Corriere 18.1.16
L’abbraccio di Francesco agli ebrei
di Gian Guido Vecchi
ROMA
Arriva senza cortei, dal Lungotevere la Ford Focus blu s’infila
discreta nel ghetto. La Sinagoga è isolata e controllata da ottocento
agenti, ma Francesco ha chiesto di avvicinare più persone possibile.
Così la terza visita di un Papa al Tempio maggiore — dopo la sosta
davanti alle lapidi che ricordano il rastrellamento nazista del 16
ottobre ‘43 e Stefano Gaj Taché, il bimbo ucciso dai terroristi
palestinesi nell’attentato del 9 ottobre 1982 — inizia come non si era
mai visto né la prima volta di Wojtyla, nell’86, né con Benedetto XVI
sei anni fa: dopo l’abbraccio sulla soglia col Rabbino capo Riccardo Di
Segni, Francesco entra in Sinagoga tra gli applausi e per una ventina di
minuti va avanti e indietro tra i banchi per salutare e stringere mani,
fino ad abbracciare e baciare sulle guance i sopravvissuti ai campi di
sterminio.
Sono passati cinquant’anni dalla Dichiarazione
conciliare Nostra Aetate che segnò la svolta nel rapporto tra cattolici
ed ebrei. Di Segni ricorda che secondo la tradizione rabbinica «un atto
ripetuto tre volte diventa chazaqà , consuetudine fissa». Guarda il
Papa: «È decisamente il segno concreto di una nuova era dopo tutto
quanto è successo nel passato». E Francesco annuisce assorto mentre il
rabbino gli dice: «Interpretiamo tutto questo nel senso che la Chiesa
cattolica non intende tornare indietro nel percorso di riconciliazione».
Difatti
le parole del Papa segnano un punto di non ritorno, tanto più
importante tra i «conflitti, guerre, violenze ed ingiustizie» del
presente: «La violenza dell’uomo sull’uomo è in contraddizione con ogni
religione degna di questo nome, e in particolare con le tre grandi
religioni monoteistiche.

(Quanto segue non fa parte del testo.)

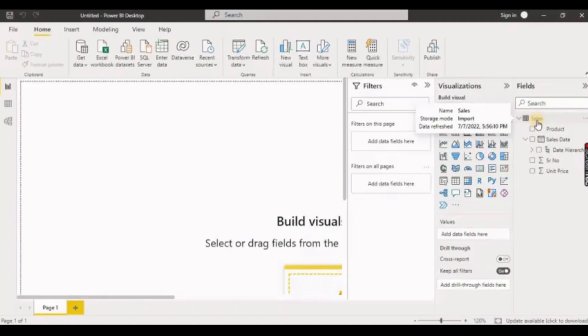Hello everyone, welcome back to my channel. In today's video we are going to learn how we can disable the date hierarchy in Power BI.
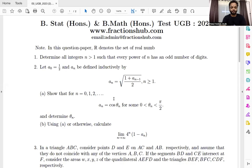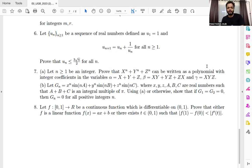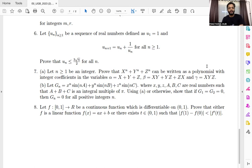Here's the problem — the seventh one. For N greater than or equal to 1, an integer, prove that X to the power N plus Y to the power N plus Z to the power N can be written as a polynomial with integer coefficients in the variables alpha, beta, and gamma, where alpha is X plus Y plus Z. Part B: G(N) is defined, where all X, Y, Z and A, B, C are real numbers and A plus B plus C is an integral multiple of pi. Using Part A or otherwise, show that if G1 equals G2 equals zero, then G(N) equals zero for all integers N.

Dio è il Dio della vita». Francesco parla dello
sterminio di sei milioni di ebrei durante la Shoah e ricorda «col
cuore» i 1.021 deportati romani, «il passato ci deve servire da lezione
per il presente e il futuro». Cita «la bella espressione “fratelli
maggiori”» di Wojtyla e va oltre: «Voi siete i nostri fratelli e sorelle
maggiori nella fede». Richiama la Nostra Aetate : «Sì alla riscoperta
delle radici ebraiche del cristianesimo, no ad ogni forma di
antisemitismo». Spiega che «tutti apparteniamo a un’unica famiglia» e
«Dio ha per noi progetti di salvezza». Sillaba: «I cristiani non possono
non fare riferimento alle radici ebraiche e la Chiesa, pur professando
la salvezza attraverso la fede in Cristo, riconosce l’irrevocabilità
dell’Antica Alleanza e l’amore costante e fedele di Dio per Israele».
Continua ad annuire mentre la presidente della comunità, Ruth
Dureghello, cita le parole di Bergoglio al presidente del World Jewish
Congress («anche un attacco deliberato ad Israele è antisemitismo»),
ripete che «l’antisionismo è la forma più moderna di antisemitismo» e
dice: «La pace non si conquista seminando il terrore con i coltelli in
mano».
All’uscita, dal coro si leva Ani Maamin , «io credo», il canto che intonavano gli ebrei diretti alle camere a gas.